Dataset records.
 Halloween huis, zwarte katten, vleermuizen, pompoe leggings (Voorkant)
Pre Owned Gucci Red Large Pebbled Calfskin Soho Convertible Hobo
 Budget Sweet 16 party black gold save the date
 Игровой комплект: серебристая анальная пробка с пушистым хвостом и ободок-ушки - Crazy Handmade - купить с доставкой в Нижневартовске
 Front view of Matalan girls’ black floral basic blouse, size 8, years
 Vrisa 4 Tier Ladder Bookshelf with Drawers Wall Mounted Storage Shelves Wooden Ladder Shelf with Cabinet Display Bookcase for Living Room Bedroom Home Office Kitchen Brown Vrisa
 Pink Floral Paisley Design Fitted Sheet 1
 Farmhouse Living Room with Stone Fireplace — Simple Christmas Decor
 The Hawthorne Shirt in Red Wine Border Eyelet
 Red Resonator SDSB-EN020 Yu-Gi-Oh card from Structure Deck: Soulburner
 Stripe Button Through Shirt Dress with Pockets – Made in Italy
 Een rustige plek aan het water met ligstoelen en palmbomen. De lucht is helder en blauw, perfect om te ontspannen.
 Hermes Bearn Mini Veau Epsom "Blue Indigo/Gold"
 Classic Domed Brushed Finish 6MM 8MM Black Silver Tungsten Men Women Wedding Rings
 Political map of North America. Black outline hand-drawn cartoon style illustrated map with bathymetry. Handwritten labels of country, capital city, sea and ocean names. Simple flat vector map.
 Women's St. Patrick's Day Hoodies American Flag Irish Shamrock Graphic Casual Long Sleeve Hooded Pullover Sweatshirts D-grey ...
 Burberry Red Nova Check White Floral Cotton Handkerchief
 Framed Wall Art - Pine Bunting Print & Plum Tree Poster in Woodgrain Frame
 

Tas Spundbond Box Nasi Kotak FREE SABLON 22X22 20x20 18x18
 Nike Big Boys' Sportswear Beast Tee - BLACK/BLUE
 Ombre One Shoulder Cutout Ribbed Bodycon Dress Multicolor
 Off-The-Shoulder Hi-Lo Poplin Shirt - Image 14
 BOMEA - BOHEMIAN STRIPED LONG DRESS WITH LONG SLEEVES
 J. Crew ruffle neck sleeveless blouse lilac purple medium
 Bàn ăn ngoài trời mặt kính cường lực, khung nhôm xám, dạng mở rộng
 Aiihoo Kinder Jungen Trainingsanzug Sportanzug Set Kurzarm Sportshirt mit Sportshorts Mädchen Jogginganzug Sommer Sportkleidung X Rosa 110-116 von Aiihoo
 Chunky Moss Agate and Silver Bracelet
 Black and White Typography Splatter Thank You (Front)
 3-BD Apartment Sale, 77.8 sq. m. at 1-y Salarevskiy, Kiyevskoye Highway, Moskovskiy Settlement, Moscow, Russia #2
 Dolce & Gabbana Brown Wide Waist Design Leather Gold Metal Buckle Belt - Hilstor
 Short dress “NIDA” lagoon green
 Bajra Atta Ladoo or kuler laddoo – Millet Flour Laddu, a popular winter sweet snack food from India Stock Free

EXERCISE BRIEF. Above are the records; repeat exactly the lines from the one holding "Budget Sweet 16" down to the one holding "Red Resonator SDSB-EN020", end lines included.

TASK SOLUTION.
 Budget Sweet 16 party black gold save the date
 Игровой комплект: серебристая анальная пробка с пушистым хвостом и ободок-ушки - Crazy Handmade - купить с доставкой в Нижневартовске
 Front view of Matalan girls’ black floral basic blouse, size 8, years
 Vrisa 4 Tier Ladder Bookshelf with Drawers Wall Mounted Storage Shelves Wooden Ladder Shelf with Cabinet Display Bookcase for Living Room Bedroom Home Office Kitchen Brown Vrisa
 Pink Floral Paisley Design Fitted Sheet 1
 Farmhouse Living Room with Stone Fireplace — Simple Christmas Decor
 The Hawthorne Shirt in Red Wine Border Eyelet
 Red Resonator SDSB-EN020 Yu-Gi-Oh card from Structure Deck: Soulburner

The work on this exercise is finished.